The glass fibers employed with the batt 14 may be either conventional straight fibers or, preferably, bicomponent, irregularly-shaped glass fibers. Irregularly-shaped glass fibers and methods for producing and collecting them are disclosed in commonly assigned U.S. Pat. No. 5,431,992, to Houpt et al., entitled DUAL-GLASS FIBERS AND INSULATION PRODUCTS THEREFROM, the disclosure of which is herein incorporated by reference. The batt 14 of the present invention may be, for example, constructed of low density fibrous glass wool having an uncompressed density of less than about 0.6 pounds per cubic foot (pcf) (9.61 kg/m.sup.3).
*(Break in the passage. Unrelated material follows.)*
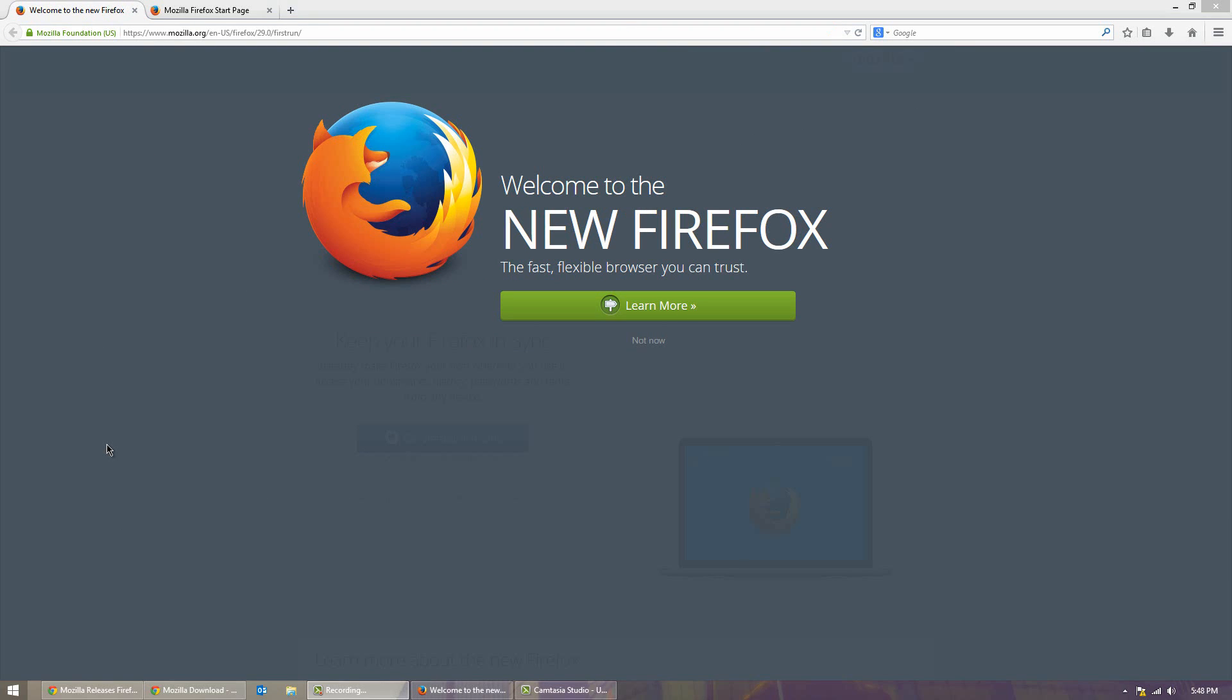Unfortunately right now though because this is in beta you have to have the beta version of all the Firefoxes in order for this to work. But eventually though this feature will go mainstream into all the Firefoxes in the future.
Preferably, the batt 14 has an uncompressed density of between 0.30 pcf (4.81 kg/m3) and 0.50 pcf (8.01 kg/m3).

Returning to FIG. 1, for the purposes of illustration, the batt 14 is shown in an uncompressed, fully expanded condition. As will be explained below, the batt 14 will normally be allowed to expand only after the insulation assembly 10 is installed in a cavity to be insulated. The insulation assembly 10 and the batt 14 are illustrated in a vertical orientation as if installed in a wall cavity, with the first ripcord 16 positioned in an upper part of the envelope 12. As most clearly shown in FIGS. 1 and 3C, the batt 14 includes a front surface 20 and an opposed back surface 22. As the batt 14 of the present invention preferably lacks a binder, some degree of product integrity is surrendered. However, due to the nature of the long fibers preferably used to constitute the batt 14, the fibers of the batt 14 are sufficiently interlocked that the batt 14 does not readily disintegrate. Rather, the batt 14 of the present invention remains an integral product with generally uniform weight distribution throughout, even when oriented vertically as shown in FIG. 1.
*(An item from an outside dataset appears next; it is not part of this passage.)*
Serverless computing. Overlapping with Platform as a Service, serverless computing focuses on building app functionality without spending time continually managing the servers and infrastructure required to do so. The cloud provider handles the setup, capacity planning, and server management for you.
As disclosed in U.S. Pat. No. 5,466,505 to Gavin et al., entitled FIBROUS GLASS INSULATION ASSEMBLY, the disclosure of which is herein incorporated by reference, the use of a desiccant with an encapsulated fibrous glass insulation batt can improve recovery of the glass batt from a compressed state by preventing the batt from absorbing moisture. It is anticipated that because the insulation assembly 10 of the present invention is vacuum packaged, there will normally be little residual moisture inside the envelope available to be absorbed into the fibrous glass body of the batt 14. Thus desiccant may not normally be required to be included in the envelope 12 with the batt 14. However, under certain circumstances, such as when it is known that the insulation assembly 10 will be stored for a length of time, it may be desirable to include a desiccant with the batt 14. The desiccant packet 15 may suitably be enclosed in the envelope 12 for the purpose of absorbing moisture enclosed in the envelope 12. As further described in the Gavin et al. reference, the desiccant thus included may be contained within a moisture permeable desiccant package like the desiccant packet 15, may be included in a plurality of such packages dispersed about the batt 14, or may not be contained in a package at all, but rather may be applied directly to the batt 14, such as by spraying a layer of desiccant onto the batt 14.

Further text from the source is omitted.